Kim Jones again brings it for the Fendi RTW Fall 2023 Runway Report. We are not afraid to say we love fur, and Kim Jones is determined with all the riches at his disposal with the latest Fendi collection. The staggering archive is documenting 54 years of fur by utilizing all of the atelier’s assets, from ready-to-wear designed by the late great Karl Lagerfeld and a clutch of stylish women from the founding, aristocratic Roman family.
Fendi RTW Fall 2023
Delfina Delettrez Fendi is perhaps the chicest of them all, having access to the wardrobe of her stylish mother, Silvia Venturini Fendi, and mixing everything with insouciance. (Incidentally, she was among “professionals” named to Vanity Fair’s International Best Dressed List in 2016.)
Jones vividly remembers the brown and pale blue outfit Delettrez Fendi wore the day he started at Fendi, which she told him she sourced from a shop in Rome that stocks clothes for nuns.
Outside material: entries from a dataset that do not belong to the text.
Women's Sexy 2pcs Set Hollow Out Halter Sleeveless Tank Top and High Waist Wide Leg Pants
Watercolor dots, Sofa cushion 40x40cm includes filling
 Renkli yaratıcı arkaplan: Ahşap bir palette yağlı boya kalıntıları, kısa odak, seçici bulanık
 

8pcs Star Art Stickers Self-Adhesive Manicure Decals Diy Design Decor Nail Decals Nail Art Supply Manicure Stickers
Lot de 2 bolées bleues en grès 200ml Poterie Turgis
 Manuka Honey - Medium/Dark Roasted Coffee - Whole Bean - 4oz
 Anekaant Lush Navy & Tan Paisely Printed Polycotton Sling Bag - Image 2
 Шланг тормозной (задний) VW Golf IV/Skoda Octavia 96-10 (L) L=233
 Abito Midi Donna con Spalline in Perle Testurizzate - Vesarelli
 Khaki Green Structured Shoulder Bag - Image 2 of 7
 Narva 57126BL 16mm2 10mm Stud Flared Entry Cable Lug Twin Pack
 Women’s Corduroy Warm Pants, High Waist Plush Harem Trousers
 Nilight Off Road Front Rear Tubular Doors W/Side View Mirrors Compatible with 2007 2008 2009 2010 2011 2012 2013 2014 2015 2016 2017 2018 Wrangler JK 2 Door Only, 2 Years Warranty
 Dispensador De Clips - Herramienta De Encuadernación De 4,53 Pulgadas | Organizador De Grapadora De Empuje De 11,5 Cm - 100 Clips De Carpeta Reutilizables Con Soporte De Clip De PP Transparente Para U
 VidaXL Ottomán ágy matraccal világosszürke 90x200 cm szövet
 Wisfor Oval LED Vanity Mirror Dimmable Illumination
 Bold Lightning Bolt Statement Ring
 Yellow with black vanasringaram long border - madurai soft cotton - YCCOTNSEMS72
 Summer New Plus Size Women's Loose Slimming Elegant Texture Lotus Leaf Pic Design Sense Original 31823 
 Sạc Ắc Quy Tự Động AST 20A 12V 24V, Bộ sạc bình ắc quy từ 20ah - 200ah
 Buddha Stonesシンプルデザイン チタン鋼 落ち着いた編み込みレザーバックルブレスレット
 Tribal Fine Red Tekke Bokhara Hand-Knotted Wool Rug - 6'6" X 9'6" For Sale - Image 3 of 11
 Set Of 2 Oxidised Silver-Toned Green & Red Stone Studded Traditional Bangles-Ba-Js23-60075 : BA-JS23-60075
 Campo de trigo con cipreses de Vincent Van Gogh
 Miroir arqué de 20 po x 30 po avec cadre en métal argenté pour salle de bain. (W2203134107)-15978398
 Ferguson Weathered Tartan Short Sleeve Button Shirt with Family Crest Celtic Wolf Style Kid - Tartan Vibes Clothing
The British designer reprised that colour combo for Fendi’s fall collection, in which a punk spirit added an off-kilter zing to tony Italian chic.
“She’s a sophisticated working mother that lives her life and enjoys life,” Jones said of Delettrez Fendi, but he could have also been describing the Fendi customer. “I love her, and she inspires me,” he added.
Again, he could have been talking about the customer: The designer pays attention to what’s selling, so he focused on those three categories — knitwear, dresses and tailoring — sticking to long, slender silhouettes disrupted with asymmetric cutting, some slashes and harness-like straps there. Since he took the helm of the house, celebs and wealthy clients have rocked the Fendi logo again.
Colour-blocked intarsia knits, which Jones occasionally added coiling rows of snap closures, were interpreted from two Lagerfeld collections from 1981 and 1996.
Jones also drew several themes from his spring 2023 haute couture collection for Fendi, including the body-skimming shapes, lingerie elements, and fluttering capes, which are tacked to the shoulders of the shoulders black satin gowns with scooped necklines and draped fronts.
He reprised his cashmere couture coats lined with shimmering sequins. Of course, you can knock a few zeros off the price for the RTW versions, but they were equally alluring. All his slim coats were strong statement makers, whether in caramel-coloured Persian lamb, off-white shearling or grey flannel. The set was as minimal as the clothes: a tunnel of light reminiscent of a mesmerizing John Galliano show in 2009.
As usual, the collection was a team effort. First, Venturini Fendi, artistic director of accessories and menswear collections, debuted the new shape-shifting Multi bag, which transforms from a bucket shape to a shopper tote thanks to a system of magnets.
Meanwhile, Delettrez Fendi, as creative jewellery director, interpreted the double-F logo, which Lagerfeld had sketched back in 1967, as a metallic object that locks on the ear.
What do you think of the collection? Cop or not?